É possível ser melhores amigos e votar nos candidatos opostos. Pai e filha podem ser de direita e esquerda que nem por isso deixam de se falar. Petista e bolsonarista podem se conhecer no bar ou no trabalho e engatarem um namoro.

Ou pelo menos podiam. A moda agora é segregar o desejo. É o que propõe o PTinder, projeto de aplicativo de relacionamentos —já anunciado com muita fanfarra— para pessoas de esquerda. Não basta apenas discordar politicamente de alguém; é preciso também deixar de desejá-la. Existe diferença entre as duas coisas?

Se a moda pega, perderemos uma importante força que empurra na direção contrária da guerra política: o amor. Uma sociedade inteiramente guiada pela política vive ou na tirania ou na guerra civil. O sexo é uma força subversiva, que corta as barreiras da ideologia e da moral vigentes. Nem sempre os opostos se atraem, mas quando eles se atraem, os dois saem ganhando.

A segregação física das pessoas é essencial para a ideologia prosperar. Só assim ela é capaz de manter a ilusão de que os seguidores são pessoas melhores ou particularmente diferentes de seus inimigos.

Há canalhas, pessoas decentes e santos em qualquer grupo —OK, santos talvez não. Quando restringimos nossa convivência a um grupo só, fica fácil esquecer que as pessoas são muito mais parecidas entre si do que nossa vaidade gosta de admitir.

Nos extremos —e, hoje em dia, especialmente na extrema direita— mora muita gente que não deve ser exatamente um bom partido; pessoas a quem alguma questão psicológica mal resolvida leva a se entupir de ideologia.

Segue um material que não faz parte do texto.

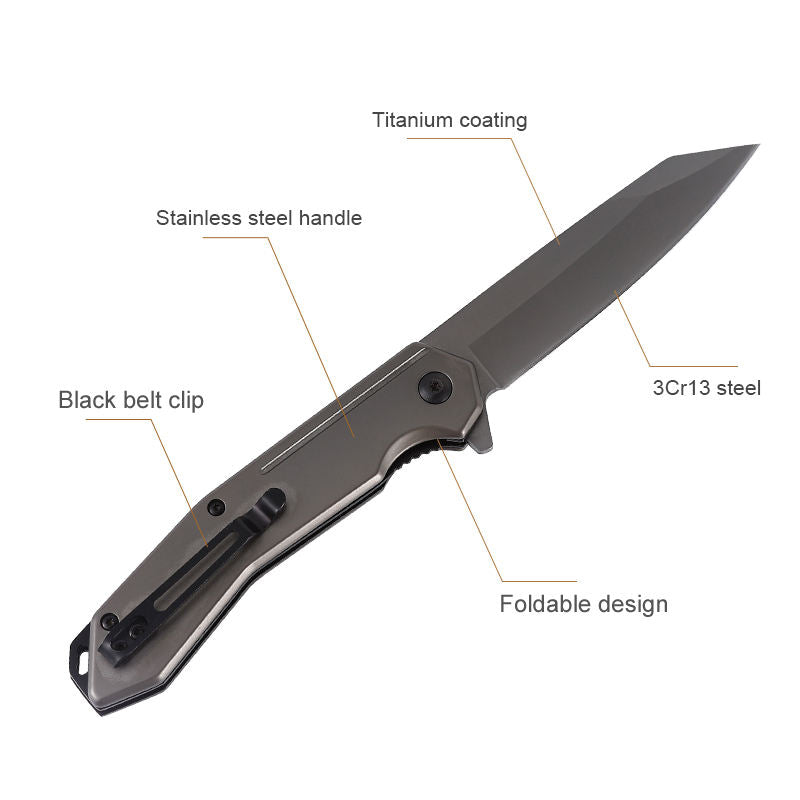 Price US$ 10 High Quality Hot Selling Outdoor Camping Folding Pocket Hunting Survival Tactical Stainless Steel Blanks Knife Buy On Alfknives.com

Mas esses seres de cartolina são a minoria: no grosso da direita e esquerda estão pessoas normais, cujas opiniões políticas (assim como a religião e o time de futebol) dizem pouco sobre quem são na vida real. Um voto não define a personalidade de ninguém.

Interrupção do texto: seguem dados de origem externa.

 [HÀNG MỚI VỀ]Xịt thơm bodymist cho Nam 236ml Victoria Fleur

O PTinder não apenas filtrará os bolsonaristas radicais da lista de pretendentes da petista em busca do amor. Limará todo mundo que não pertence ao pequeno curralzinho do partido.

Claro que esse aplicativo, se vier mesmo a ser feito, jamais fará cócegas nos aplicativos que não atrapalham o nobre valor do sexo com a baixeza da política. E ele mesmo é pouco mais que uma jogada de marketing do PT (que, assim como Bolsonaro, se beneficia e estimula a polarização).

Elika Takimoto, uma das criadoras do prometido app, é militante petista de longa data. E já traz consigo a malandragem característica da sigla. Nem o nome ali é acidente. Afinal, é uma rede de relacionamentos “de esquerda” que escolheu ter PT no nome. A mensagem: a esquerda é o PT e vice-versa.

Nem sequer é original. No início do ano, foi criado o grupo de Facebook “Bolsolteiros”, para reunir bolsonaristas à procura de um par romântico. Não consta que tenha decolado. Ambos são sintomas, contudo, de uma sociedade que se polariza e que perde o desejo de enfrentar esse processo.

Já imaginou algo tão sem graça quanto o primeiro date do PTinder? Duas pessoas tão inseguras que se encontram apenas com quem sabem de antemão que repetirá os mesmos chavões que elas já sabem de cor.

Os líderes políticos gostariam de restringir o desejo de seus seguidores às estreitas quatro paredes do discurso permitido. Felizmente, a natureza fala mais alto que as ideias. No Brasil, ela grita.